■ TASK TO CARRY OUT ■
Return the lines of the listing below exactly as they appear, beginning at the one with "Room (Beach) |" and stopping after the one with "Building Photo - 227 Parker Ave"; do not include pictures.

:: THE DATA ::

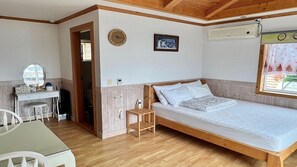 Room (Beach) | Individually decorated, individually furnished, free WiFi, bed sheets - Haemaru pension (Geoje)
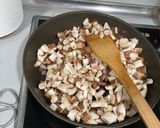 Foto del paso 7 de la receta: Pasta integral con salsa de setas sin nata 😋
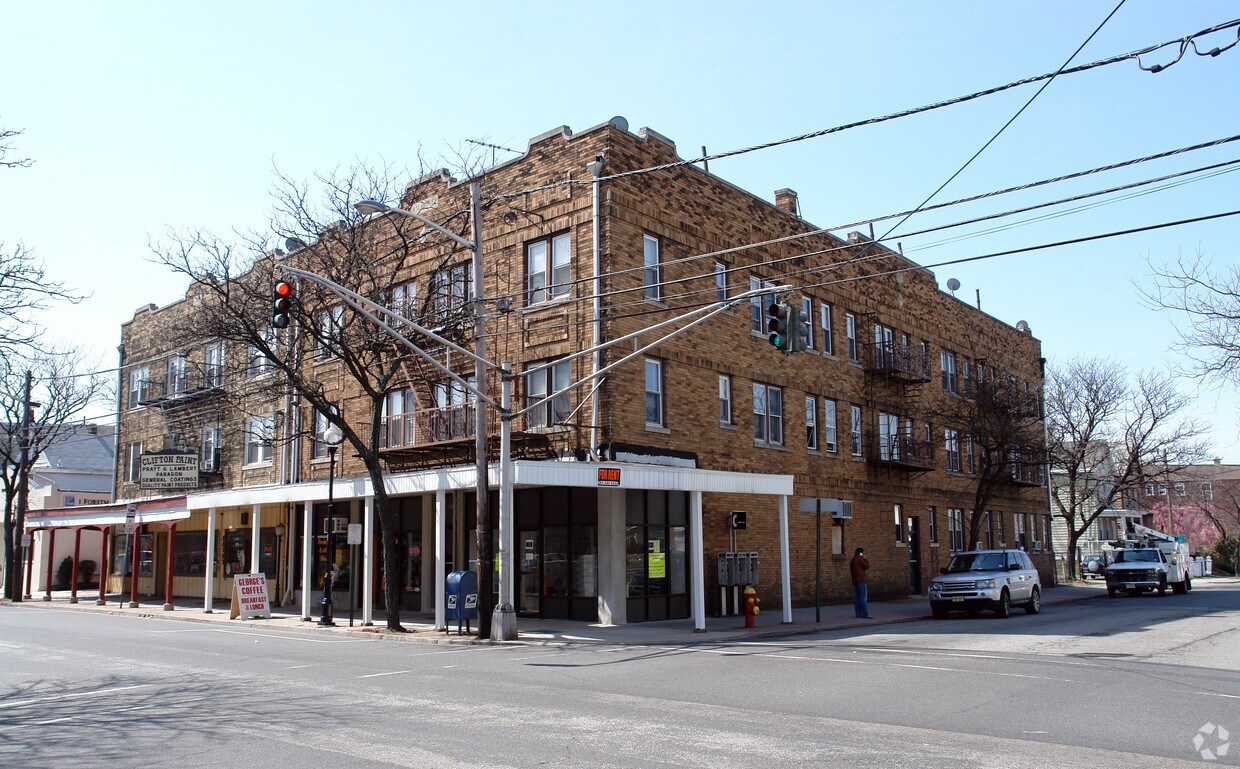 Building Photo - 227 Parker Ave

:::
:: THE DATA ::

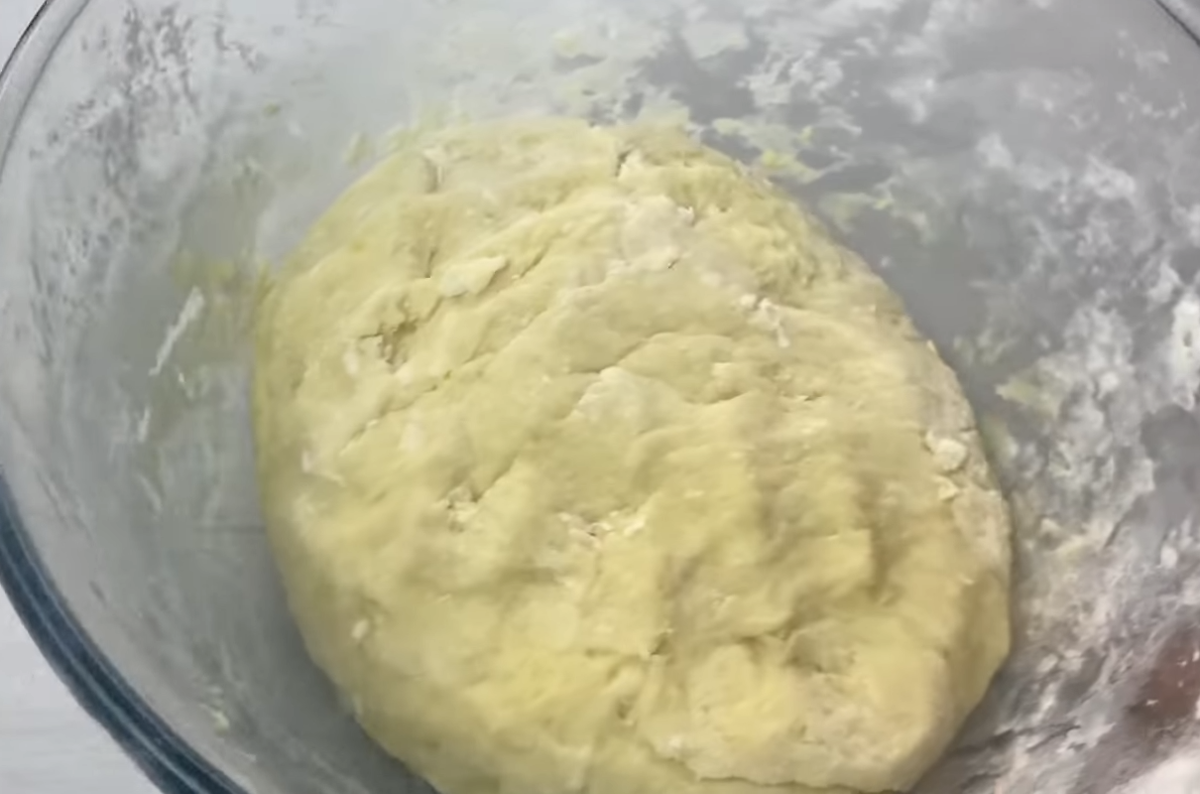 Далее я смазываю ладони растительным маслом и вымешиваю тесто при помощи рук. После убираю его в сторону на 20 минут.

:::

■ WRITTEN RESPONSE ■
 Room (Beach) | Individually decorated, individually furnished, free WiFi, bed sheets - Haemaru pension (Geoje)
 Foto del paso 7 de la receta: Pasta integral con salsa de setas sin nata 😋
 Building Photo - 227 Parker Ave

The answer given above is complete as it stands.